I love it - smartest thing I ever did. It's all hooked up to a 4-zone timer so I can water stuff like landscaping and ornamentals separate from the vegetable garden.

I started with this kit:
https://www.amazon.com/Rain-Bird-GRDNER ... 000LO4FFG/

and then ordered extra tubing and accessories from there. For the sprayers, I'll explain my logic. The blue curly-q's are misters, and the sprayers are the "True Spray 360" nozzles:
https://www.amazon.com/Orbit-66190-2-In ... 000H9C9LM/
https://www.amazon.com/Rainbird-Truespr ... 011TMZNFO/

I tested many nozzles that fit this system, and all the "360 degree coverage" nozzles did a really horrible job - they would essentially spray a circle, that mainly waters the edge of the circle, and not the inside of the circle. Going on the theory that the ideal watering system sprays a consistent spray on all areas of the vegetable bed (thus why I don't use drip tubes), I found that the "True Spray 360" nozzles did the best job of watering the entire area of their spray, but the middle was still a little lacking. So I attached the misters pointing as straight up as possible, which essentially adds extra spray to the middle of the circle. By positioning the sprayers with slightly overlapping areas, you get a really consistent spray over the entire bed.

I use these risers:
https://www.amazon.com/Rain-Bird-RISER1 ... 0019TJ87C/

The sprayers will eventually be overgrown by large plants like broccoli, for example. I'm thinking of making pots or cans with soil or rocks in them that I could stick the risers into to lift them up another foot when that happens.

I use the spot watering attachments and drip tubing in other areas of the yard/garden, but for vegetables I love the sprayers. If you use it, bear in mind they can put out a lot of water in a short time and you don't want to over-water. I made that mistake the first year.

Once I got familiar with how to build/attach/repair/change this system, I really fell in love with it.

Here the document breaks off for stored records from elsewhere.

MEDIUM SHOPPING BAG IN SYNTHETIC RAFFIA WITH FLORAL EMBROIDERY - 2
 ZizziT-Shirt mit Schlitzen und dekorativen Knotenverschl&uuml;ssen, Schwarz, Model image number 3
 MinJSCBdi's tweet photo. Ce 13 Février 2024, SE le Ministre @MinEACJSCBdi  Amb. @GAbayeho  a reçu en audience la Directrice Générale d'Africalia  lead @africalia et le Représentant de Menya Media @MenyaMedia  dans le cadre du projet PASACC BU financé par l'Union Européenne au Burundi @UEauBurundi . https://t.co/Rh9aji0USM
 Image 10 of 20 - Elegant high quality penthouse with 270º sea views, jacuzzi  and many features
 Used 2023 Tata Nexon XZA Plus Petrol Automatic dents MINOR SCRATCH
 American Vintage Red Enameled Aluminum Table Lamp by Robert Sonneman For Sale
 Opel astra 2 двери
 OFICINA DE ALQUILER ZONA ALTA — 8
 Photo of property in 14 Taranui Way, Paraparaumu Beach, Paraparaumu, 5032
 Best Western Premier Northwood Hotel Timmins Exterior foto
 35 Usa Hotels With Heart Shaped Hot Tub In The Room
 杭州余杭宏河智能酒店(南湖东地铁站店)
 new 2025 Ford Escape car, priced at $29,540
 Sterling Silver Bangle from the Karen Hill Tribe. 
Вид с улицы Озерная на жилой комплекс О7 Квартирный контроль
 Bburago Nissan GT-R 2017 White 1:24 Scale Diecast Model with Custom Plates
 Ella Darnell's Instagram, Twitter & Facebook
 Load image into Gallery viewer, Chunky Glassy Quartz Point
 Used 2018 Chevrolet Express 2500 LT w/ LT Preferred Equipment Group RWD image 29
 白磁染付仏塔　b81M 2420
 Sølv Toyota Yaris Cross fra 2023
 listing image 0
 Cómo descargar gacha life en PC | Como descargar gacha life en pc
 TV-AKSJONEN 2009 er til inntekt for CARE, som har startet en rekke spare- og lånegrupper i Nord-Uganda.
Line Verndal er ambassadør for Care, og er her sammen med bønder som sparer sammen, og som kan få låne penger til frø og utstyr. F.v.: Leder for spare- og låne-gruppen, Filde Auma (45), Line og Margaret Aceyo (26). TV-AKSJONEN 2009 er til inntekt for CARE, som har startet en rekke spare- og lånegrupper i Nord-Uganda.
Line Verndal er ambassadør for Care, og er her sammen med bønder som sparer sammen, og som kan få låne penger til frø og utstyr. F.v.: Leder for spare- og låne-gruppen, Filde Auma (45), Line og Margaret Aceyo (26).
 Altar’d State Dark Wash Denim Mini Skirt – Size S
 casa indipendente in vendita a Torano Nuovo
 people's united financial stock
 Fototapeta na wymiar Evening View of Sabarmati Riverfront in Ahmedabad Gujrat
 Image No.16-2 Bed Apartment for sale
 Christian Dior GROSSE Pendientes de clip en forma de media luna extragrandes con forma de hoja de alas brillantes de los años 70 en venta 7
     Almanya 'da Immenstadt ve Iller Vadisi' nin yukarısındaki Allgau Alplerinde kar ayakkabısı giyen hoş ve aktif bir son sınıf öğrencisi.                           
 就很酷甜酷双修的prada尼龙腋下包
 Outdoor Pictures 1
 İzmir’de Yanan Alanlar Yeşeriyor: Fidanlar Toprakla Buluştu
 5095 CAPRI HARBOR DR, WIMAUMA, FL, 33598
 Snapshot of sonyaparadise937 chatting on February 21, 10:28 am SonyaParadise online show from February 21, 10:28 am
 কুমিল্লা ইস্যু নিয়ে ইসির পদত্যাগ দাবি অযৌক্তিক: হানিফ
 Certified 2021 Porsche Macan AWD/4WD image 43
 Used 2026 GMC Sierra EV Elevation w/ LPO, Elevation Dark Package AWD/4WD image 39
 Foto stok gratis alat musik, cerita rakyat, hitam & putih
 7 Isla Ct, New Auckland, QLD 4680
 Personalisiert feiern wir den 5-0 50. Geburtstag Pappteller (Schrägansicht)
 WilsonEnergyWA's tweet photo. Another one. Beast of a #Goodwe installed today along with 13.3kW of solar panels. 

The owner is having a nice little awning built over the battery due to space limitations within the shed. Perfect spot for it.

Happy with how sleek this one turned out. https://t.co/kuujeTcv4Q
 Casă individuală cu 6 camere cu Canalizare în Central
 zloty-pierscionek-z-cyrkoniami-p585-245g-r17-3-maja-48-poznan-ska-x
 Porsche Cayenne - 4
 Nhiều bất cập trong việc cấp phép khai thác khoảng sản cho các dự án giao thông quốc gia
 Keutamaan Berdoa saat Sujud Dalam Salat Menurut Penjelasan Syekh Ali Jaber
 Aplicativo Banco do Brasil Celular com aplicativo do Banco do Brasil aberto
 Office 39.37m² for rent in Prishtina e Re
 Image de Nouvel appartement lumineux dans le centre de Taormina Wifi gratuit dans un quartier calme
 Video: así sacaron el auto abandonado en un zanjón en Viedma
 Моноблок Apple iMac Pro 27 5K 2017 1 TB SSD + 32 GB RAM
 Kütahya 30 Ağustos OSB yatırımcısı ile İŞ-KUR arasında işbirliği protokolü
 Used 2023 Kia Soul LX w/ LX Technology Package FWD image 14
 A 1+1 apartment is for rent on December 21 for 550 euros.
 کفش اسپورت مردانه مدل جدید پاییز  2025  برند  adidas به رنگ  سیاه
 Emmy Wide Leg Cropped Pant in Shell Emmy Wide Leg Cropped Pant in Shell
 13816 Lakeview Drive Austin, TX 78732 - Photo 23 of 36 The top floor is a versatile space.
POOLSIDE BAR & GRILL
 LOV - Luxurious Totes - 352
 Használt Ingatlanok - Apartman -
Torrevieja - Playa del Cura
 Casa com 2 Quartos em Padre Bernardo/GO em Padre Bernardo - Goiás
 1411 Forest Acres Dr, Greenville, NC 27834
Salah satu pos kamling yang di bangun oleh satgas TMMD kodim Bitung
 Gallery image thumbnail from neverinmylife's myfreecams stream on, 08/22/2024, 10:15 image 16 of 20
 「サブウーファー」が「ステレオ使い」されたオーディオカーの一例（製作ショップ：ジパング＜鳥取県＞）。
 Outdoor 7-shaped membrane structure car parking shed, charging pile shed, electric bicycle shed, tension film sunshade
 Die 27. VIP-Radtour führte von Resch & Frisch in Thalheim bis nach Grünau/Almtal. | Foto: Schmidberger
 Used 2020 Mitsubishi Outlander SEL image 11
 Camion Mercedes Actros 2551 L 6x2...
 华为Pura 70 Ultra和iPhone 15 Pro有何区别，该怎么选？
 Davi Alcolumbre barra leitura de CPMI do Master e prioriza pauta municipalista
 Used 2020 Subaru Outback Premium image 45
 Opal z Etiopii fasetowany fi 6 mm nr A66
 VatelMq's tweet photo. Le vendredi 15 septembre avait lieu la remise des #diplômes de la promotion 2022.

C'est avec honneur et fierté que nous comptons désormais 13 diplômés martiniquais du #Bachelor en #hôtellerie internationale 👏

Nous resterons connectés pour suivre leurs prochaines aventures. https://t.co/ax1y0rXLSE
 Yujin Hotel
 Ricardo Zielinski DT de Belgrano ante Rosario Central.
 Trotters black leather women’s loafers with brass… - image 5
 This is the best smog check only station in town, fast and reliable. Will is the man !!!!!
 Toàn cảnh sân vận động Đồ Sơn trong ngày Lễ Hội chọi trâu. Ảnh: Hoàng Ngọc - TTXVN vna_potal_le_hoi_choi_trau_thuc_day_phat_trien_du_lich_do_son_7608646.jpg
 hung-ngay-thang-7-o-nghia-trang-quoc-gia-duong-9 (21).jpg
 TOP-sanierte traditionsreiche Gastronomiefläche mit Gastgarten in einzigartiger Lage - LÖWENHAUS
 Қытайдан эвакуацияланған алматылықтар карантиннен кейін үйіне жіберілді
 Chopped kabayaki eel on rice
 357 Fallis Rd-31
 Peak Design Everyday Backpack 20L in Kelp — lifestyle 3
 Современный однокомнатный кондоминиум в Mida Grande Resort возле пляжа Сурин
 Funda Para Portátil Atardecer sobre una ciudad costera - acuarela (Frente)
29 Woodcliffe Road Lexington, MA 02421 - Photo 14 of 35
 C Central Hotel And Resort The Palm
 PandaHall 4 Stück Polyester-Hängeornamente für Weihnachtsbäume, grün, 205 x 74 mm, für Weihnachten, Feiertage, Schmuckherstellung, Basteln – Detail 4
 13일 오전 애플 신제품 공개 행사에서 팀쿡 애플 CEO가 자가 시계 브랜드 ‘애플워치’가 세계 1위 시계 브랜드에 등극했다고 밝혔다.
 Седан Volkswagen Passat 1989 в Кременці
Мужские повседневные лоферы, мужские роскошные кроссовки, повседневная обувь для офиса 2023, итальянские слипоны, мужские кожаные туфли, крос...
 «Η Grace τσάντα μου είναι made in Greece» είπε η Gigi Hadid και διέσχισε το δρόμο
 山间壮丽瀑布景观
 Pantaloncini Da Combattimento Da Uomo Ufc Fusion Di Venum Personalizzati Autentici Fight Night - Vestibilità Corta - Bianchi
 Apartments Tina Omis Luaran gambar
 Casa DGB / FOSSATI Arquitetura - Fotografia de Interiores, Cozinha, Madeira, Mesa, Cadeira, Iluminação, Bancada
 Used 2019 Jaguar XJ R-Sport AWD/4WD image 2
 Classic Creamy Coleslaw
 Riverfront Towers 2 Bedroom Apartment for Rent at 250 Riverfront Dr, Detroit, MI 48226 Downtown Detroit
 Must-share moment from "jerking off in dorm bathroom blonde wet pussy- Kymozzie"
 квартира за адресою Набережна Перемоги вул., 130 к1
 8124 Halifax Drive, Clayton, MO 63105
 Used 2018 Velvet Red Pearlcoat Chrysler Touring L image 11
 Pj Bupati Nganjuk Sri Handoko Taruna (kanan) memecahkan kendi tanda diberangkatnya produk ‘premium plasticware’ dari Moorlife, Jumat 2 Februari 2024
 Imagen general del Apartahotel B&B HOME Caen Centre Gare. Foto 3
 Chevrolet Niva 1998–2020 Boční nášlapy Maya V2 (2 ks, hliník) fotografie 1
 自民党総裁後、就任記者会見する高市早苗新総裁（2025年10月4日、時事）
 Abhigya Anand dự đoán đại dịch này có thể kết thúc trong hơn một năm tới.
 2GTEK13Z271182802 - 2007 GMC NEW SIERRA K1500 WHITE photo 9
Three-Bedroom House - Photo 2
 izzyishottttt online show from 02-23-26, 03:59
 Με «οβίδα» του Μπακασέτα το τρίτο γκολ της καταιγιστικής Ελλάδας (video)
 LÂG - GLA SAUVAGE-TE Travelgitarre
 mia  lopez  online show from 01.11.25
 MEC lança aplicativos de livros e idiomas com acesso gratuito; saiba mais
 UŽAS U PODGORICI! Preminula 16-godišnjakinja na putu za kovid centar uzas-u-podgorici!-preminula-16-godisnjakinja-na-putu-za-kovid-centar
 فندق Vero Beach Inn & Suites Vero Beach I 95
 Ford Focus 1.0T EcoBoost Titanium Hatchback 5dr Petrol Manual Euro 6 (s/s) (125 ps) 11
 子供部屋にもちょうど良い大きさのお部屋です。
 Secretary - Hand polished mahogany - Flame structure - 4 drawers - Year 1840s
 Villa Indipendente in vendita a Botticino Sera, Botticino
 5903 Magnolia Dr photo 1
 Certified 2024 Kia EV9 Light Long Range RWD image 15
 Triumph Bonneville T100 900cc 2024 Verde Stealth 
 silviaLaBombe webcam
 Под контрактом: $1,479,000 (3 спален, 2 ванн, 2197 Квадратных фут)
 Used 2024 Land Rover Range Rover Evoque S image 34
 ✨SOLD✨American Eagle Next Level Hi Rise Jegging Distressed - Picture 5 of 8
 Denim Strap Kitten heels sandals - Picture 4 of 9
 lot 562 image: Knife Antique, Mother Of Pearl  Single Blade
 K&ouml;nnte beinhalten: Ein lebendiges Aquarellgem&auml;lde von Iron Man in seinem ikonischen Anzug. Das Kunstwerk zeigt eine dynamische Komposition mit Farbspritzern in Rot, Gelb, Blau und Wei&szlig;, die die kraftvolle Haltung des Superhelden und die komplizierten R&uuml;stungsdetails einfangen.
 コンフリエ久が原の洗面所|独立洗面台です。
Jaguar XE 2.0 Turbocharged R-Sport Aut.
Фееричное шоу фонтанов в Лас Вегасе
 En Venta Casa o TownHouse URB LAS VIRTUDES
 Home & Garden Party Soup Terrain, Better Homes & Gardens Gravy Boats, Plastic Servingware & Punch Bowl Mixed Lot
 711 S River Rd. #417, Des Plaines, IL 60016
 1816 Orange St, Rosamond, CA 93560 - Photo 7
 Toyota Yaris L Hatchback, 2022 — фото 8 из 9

I can change my setup really easily by cutting tubing, rerouting, removing sections, etc. This also facilitates easy repair if you accidentally chop a section of hose, too, which I've done a couple times while weeding.

For example, I installed spot-watering attachments for my tomatoes last year, as overhead watering encourages late blight. So this year I can pull out those tubes from the main line, and plug with the supplied "goof plugs", and add in a sprayer in one of the holes, since I rotated my tomatoes to a different bed, and I can switch out the sprayers in that bed for spot-waterers.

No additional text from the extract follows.